The central concept to understand how jobs are charged are Computational Units (UCs, from its acronym in Catalan).
Every group with access to our HPC service will be granted a number of UCs. That is the upper limit of consumption for a group in a given year, and both the assigned limit and the number of UCs consumed so far can be checked with the command
consum |
This information is also printed when logging into our cluster.
Our cluster is heterogeneous, and in order to both rationalise resource usage and establish an accounting equivalence between different architectures, all charges are translated from computational hours (HCs) into computational units (UCs).
Partition | Conversion factor |
---|---|
std | 1 UC/HC |
std-fat | 1.5 UC/HC |
mem | 2 UC/HC |
gpu | 1 UC/HC |
knl | 0.5 UC/HC |
In simple terms, UCs act as a virtual currency in which jobs are charged, and conversion factors are the price of a single computational hour (1 CPU * 1 hour) for each architecture.
The only resource that is charged for is CPU time. The cost of any job, in any architecture, is determined by the number of CPUs it uses times the wall-clock length of the job.
Note that this means that all of the following elements are not taken into account when charging a job:
The formula to find out how much a job costs you is therefore very simple:
UCs charged = CPUs assigned to the job * Job length in hours * Conversion factor of the partition you're using
The standard partition is the reference for all conversion factor. As a result, jobs that run on the std partition are charged at a rate of 1 UC per HC - which is to say, 1 UC per core per hour.

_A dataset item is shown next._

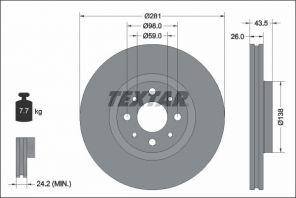 Textar 92344703 - Brzdový kotúč -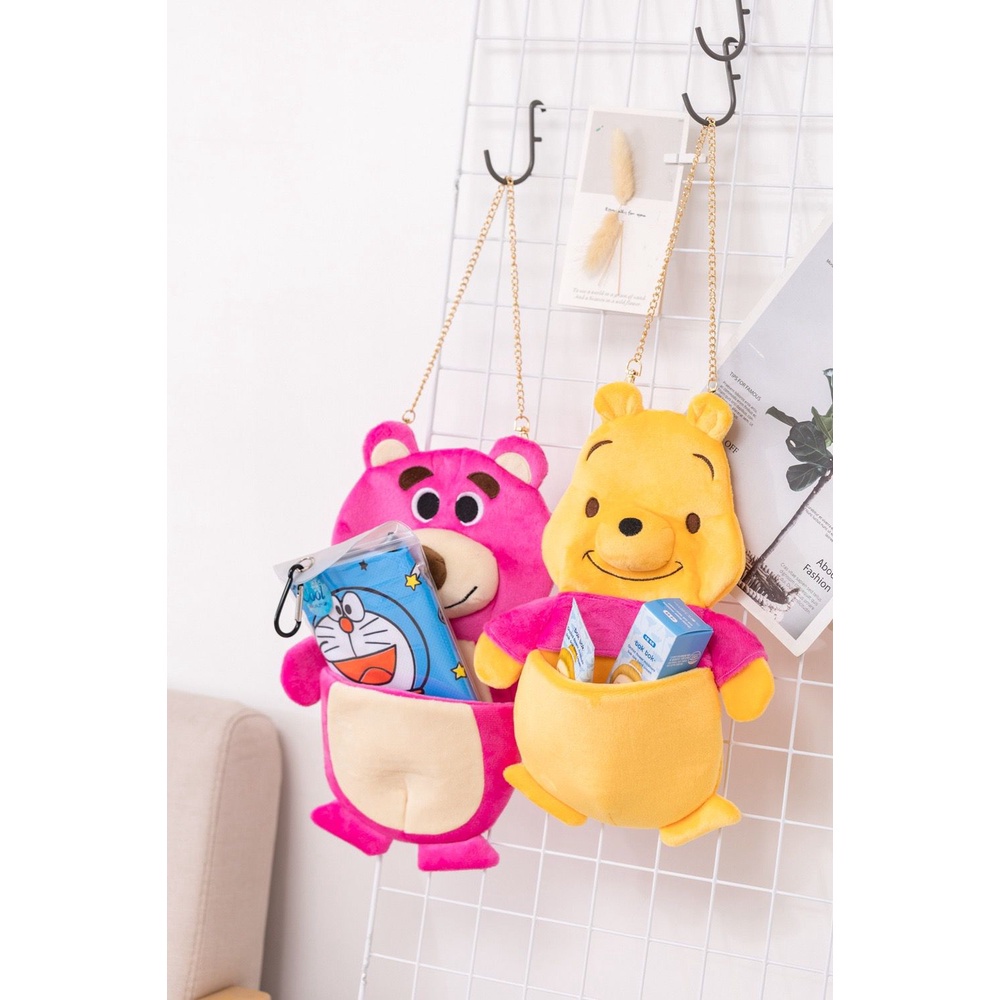 KERANJANG PENYIMPANAN BONEKA WINNIE THE POOH STITCH CHIP DALE LOTSO HOUSEWARE DEKORASI RUMAH KAMAR ANAK LUCU IMPOR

The standard-fat partition contains "fat" nodes with identical CPUs but twice as much memory per core as those in the standard partition. To encourage a rational use of those resources for jobs that actually require them, the conversion factor for this partition is 1.5 UC/HC - meaning that 1.5 UC is charged per core per hour.
Note that this is less expensive than running the same job in twice as many cores in the standard partition to have access to the same amount of memory.
The shared memory partition corresponds to canigo1 and canigo2, our shared memory machines. These machines have a considerably larger memory-per-core ratio, up to 24GB/core. Again, in order to encourage a responsible use of these resources, these are charged at a rate of 2 UCs per core per hour.
The GPU partition contains four nodes with identical CPUs and memory to standard nodes, but which additionally contain two Tesla P-100 GPGPUs each. The GPUs themselves are free of charge, but to ensure a responsible use of resources, each GPU is only allocated together with an entire CPU socket containing 24 cores (see How to request GPUs for more details). The conversion factor is 1 UC per core per hour, but taking into account that jobs in the gpu partition are only assigned multiples of 24 cores, in practice these jobs are charged at an effective rate of 24 UCs per each set of P-100 GPU + 24-core socket per hour.
This partition contains four Intel Knight's Landing (KNL) nodes with specialty, highly parallel CPUs tailored to certain tasks. To ensure an efficient use of those resources, jobs can only be assigned whole nodes of 68 physical cores. Since the conversion factor is 0.5 UC/HC, in practice these jobs are charged at an effective rate of 34 UCs per node per hour.